Bryan, I understand it to be the average all inclusive payment - basic benefit, family support (now re-named), accommodation supplement or state house rent and any other allowance. It's about equal to working for the minimum wage full-time. Unlike working for wages, if you have more children, you get a 'pay' rise.

I went back and checked the last official published figure. It was actually $415 weekly in 2006 or $21,580 pa.

B.S. said...

Thanks Lindsay. So how does that compare to a single mother working for minimum wage age and receiving the Working For Families benefit?

Anonymous said...

Is that the same Anne Else (Miss) who once had a new theory about the brontosaurus?

brian_smaller said...

OK she did some academic criticism of Lindsay's report but she is totally guilty of dismissing it out of hand by the way she wrote "I see the Business Roundtable is at it again. They've commissioned a report from one Lindsay Mitchell, who is well known for being a virulent opponent of 'welfare' in general and the DPB in particular. "

That is her dispassionate academic rigour on display folks.

Lindsay Mitchell said...

Difficult to say given people's circumstances vary so much; where they live; how many children are dependent and their ages; how much child support they are receiving; the age of the children and what kind of care is required; etc.

Using the IRD calculator, a single mother with one child, receiving the minimum child support, working 37.5 hours at $12 per hour, would receive about $27,700 pa with the WFF tax credits included. But don't quote me on that. A childcare subsidy of $181.50 is available which might or might not cover that expense. The costs of working - transport and clothing, could easily chew up the difference.

The last government tried hard to make work pay and the philosophy was no-one should be worse off when working. But it still didn't see a significant reduction in DPB numbers (which have now risen again to 104,400).

B.S. said...

"The last government tried hard to make work pay and the philosophy was no-one should be worse off when working."

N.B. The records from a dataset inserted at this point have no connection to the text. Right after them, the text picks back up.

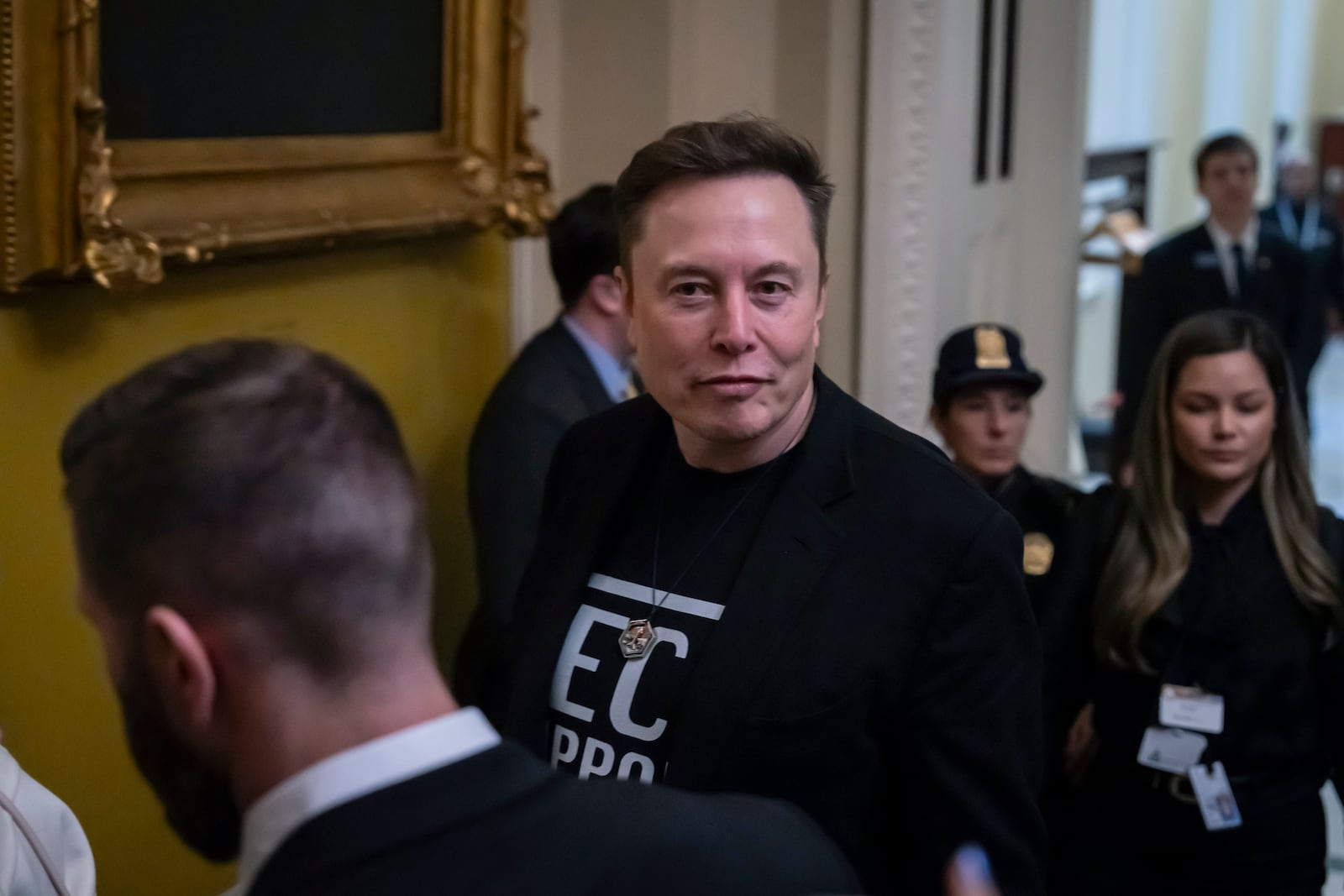 Elon Musk leaves after meeting with Senate Republicans, at the Capitol in Washington, Wednesday, March 5, 2025. (AP Photo/Ben Curtis)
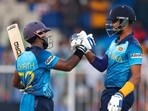 Sri Lanka's Charith Asalanka, left, celebrates with teammate Dasun Shanaka after defeating Bangladesh in their Cricket Twenty20 World Cup match in Sharjah, UAE, Sunday, Oct. 24, 2021. (AP)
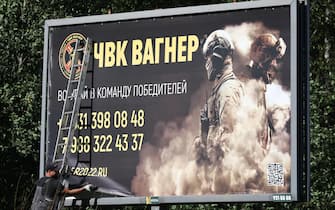 RUSSIA, ST PETERSBURG - JUNE 24, 2023: Removing a banner of PMC Wagner by Koltushskoye highway. Peter Kovalev/TASS/Sipa USA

They clearly didn't try hard enough. Perhaps tax cuts funded by benefit cuts might have been a better idea ?

KG said...

What Norrie and Oswald said. Exactly.
If that's what passes for academic criticism thank God we have people like Lindsay who are interested in the truth and not some ideological pseudo-science.
It's reached the point now where the sisterhood are in a position to simply award PhDs to fellow feminazis regardless of real academic ability--and it shows.

AMV said...

I would be curious to know how many of the critics of Anne Else opinion on the Maori and Welfare report actually read the report before defending it.

Sometimes, people just get too worked up over issues, which leads to poor dialogue and a poor exploration of the facts.